There is a spectrum of forest management from more to less climate smart, not an either-or distinction. Climate-smart forestry generally entails ongoing improvements over conventional practices without a fixed end point, as understanding of climate adaptation and forest dynamics evolves. It also involves achieving additional climate benefits beyond minimum regulatory requirements.

The Climate Smart Wood Group has developed a working definition of climate-smart forestry that can be downloaded below. We welcome your comments.

Climate-smart forestry is good for more than just the climate

Climate-smart forestry promotes a wide array of services and goods, including community well-being, local economic vitality, watershed protection, biodiversity, and production of wood and fiber.

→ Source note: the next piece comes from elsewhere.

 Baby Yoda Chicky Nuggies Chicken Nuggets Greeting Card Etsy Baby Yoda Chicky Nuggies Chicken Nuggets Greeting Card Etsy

The following practices are often associated with climate-smart forestry:

  • Reducing the average size of harvest openings, increasing live-tree retention, and lengthening harvest rotations;
  • Managing for a diversity of tree sizes, ages, and native species that make up multiple forest conditions and habitats;
  • Thinning unnaturally dense and fire-prone forest stands, and restoring the capacity to withstand natural disturbances using prescribed fire and other means;
  • Protecting water quality and aquatic habitat with ecologically appropriate buffers along streams and around wetlands;
  • Reducing greenhouse gas emissions and biodiversity impacts associated with forest management and the application of chemical fertilizers, herbicides, and pesticides;
  • Protecting high conservation value forests, including but not limited to old growth, and protecting and restoring habitat for imperiled, threatened and endangered species;
  • Understanding, respecting, and upholding the rights and sovereignty of tribal nations and Indigenous peoples through early and ongoing consultation and co-stewardship of cultural and natural resources2; and
  • Ensuring communities most impacted by forestry activities have a meaningful voice in decision-making and benefit equitably from the outputs derived from them.